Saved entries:
* * * * *

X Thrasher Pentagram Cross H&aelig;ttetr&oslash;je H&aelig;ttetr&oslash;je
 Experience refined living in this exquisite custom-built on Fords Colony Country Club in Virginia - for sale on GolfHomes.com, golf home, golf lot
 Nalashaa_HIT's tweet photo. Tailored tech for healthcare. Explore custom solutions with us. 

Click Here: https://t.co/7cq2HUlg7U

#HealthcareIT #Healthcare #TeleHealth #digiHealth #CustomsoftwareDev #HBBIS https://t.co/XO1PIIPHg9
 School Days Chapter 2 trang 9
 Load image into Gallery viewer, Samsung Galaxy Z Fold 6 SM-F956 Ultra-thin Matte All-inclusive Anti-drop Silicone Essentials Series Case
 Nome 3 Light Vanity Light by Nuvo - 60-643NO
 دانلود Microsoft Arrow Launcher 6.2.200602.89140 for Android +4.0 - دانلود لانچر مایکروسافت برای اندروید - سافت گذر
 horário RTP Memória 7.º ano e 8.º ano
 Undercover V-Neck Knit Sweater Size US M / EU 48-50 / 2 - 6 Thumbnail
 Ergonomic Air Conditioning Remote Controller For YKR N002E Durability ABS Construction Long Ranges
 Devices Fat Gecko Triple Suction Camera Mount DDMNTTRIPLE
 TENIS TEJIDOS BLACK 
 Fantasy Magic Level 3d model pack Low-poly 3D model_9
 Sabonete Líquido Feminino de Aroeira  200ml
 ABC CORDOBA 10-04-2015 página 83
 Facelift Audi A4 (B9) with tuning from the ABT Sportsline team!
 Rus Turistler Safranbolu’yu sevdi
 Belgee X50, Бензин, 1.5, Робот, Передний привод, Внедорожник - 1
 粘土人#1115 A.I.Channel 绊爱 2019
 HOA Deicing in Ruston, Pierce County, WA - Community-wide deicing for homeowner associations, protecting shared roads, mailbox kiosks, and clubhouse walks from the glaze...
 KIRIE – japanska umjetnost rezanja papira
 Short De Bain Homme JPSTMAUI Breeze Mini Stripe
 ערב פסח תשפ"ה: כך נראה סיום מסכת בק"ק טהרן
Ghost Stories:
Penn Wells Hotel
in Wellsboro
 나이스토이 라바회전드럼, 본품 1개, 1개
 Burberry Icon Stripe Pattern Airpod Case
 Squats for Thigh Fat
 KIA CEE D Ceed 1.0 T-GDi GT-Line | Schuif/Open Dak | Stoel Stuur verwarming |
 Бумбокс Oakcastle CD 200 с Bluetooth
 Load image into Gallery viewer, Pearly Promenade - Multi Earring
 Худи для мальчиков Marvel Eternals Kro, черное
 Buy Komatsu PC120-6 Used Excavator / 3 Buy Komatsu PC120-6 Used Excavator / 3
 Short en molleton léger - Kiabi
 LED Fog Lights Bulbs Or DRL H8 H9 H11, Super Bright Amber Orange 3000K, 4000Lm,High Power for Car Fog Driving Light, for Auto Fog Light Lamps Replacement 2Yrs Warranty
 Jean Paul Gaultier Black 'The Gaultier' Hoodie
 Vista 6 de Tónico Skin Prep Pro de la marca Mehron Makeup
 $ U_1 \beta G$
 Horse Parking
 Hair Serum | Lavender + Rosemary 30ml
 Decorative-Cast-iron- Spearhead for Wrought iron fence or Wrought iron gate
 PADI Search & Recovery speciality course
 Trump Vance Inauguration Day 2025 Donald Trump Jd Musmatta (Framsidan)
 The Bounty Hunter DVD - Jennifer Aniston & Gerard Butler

* * * * *

Look at the entries above. Then set all of them down again exactly.

X Thrasher Pentagram Cross H&aelig;ttetr&oslash;je H&aelig;ttetr&oslash;je
 Experience refined living in this exquisite custom-built on Fords Colony Country Club in Virginia - for sale on GolfHomes.com, golf home, golf lot
 Nalashaa_HIT's tweet photo. Tailored tech for healthcare. Explore custom solutions with us. 

Click Here: https://t.co/7cq2HUlg7U

#HealthcareIT #Healthcare #TeleHealth #digiHealth #CustomsoftwareDev #HBBIS https://t.co/XO1PIIPHg9
 School Days Chapter 2 trang 9
 Load image into Gallery viewer, Samsung Galaxy Z Fold 6 SM-F956 Ultra-thin Matte All-inclusive Anti-drop Silicone Essentials Series Case
 Nome 3 Light Vanity Light by Nuvo - 60-643NO
 دانلود Microsoft Arrow Launcher 6.2.200602.89140 for Android +4.0 - دانلود لانچر مایکروسافت برای اندروید - سافت گذر
 horário RTP Memória 7.º ano e 8.º ano
 Undercover V-Neck Knit Sweater Size US M / EU 48-50 / 2 - 6 Thumbnail
 Ergonomic Air Conditioning Remote Controller For YKR N002E Durability ABS Construction Long Ranges
 Devices Fat Gecko Triple Suction Camera Mount DDMNTTRIPLE
 TENIS TEJIDOS BLACK 
 Fantasy Magic Level 3d model pack Low-poly 3D model_9
 Sabonete Líquido Feminino de Aroeira  200ml
 ABC CORDOBA 10-04-2015 página 83
 Facelift Audi A4 (B9) with tuning from the ABT Sportsline team!
 Rus Turistler Safranbolu’yu sevdi
 Belgee X50, Бензин, 1.5, Робот, Передний привод, Внедорожник - 1
 粘土人#1115 A.I.Channel 绊爱 2019
 HOA Deicing in Ruston, Pierce County, WA - Community-wide deicing for homeowner associations, protecting shared roads, mailbox kiosks, and clubhouse walks from the glaze...
 KIRIE – japanska umjetnost rezanja papira
 Short De Bain Homme JPSTMAUI Breeze Mini Stripe
 ערב פסח תשפ"ה: כך נראה סיום מסכת בק"ק טהרן
Ghost Stories:
Penn Wells Hotel
in Wellsboro
 나이스토이 라바회전드럼, 본품 1개, 1개
 Burberry Icon Stripe Pattern Airpod Case
 Squats for Thigh Fat
 KIA CEE D Ceed 1.0 T-GDi GT-Line | Schuif/Open Dak | Stoel Stuur verwarming |
 Бумбокс Oakcastle CD 200 с Bluetooth
 Load image into Gallery viewer, Pearly Promenade - Multi Earring
 Худи для мальчиков Marvel Eternals Kro, черное
 Buy Komatsu PC120-6 Used Excavator / 3 Buy Komatsu PC120-6 Used Excavator / 3
 Short en molleton léger - Kiabi
 LED Fog Lights Bulbs Or DRL H8 H9 H11, Super Bright Amber Orange 3000K, 4000Lm,High Power for Car Fog Driving Light, for Auto Fog Light Lamps Replacement 2Yrs Warranty
 Jean Paul Gaultier Black 'The Gaultier' Hoodie
 Vista 6 de Tónico Skin Prep Pro de la marca Mehron Makeup
 $ U_1 \beta G$
 Horse Parking
 Hair Serum | Lavender + Rosemary 30ml
 Decorative-Cast-iron- Spearhead for Wrought iron fence or Wrought iron gate
 PADI Search & Recovery speciality course
 Trump Vance Inauguration Day 2025 Donald Trump Jd Musmatta (Framsidan)
 The Bounty Hunter DVD - Jennifer Aniston & Gerard Butler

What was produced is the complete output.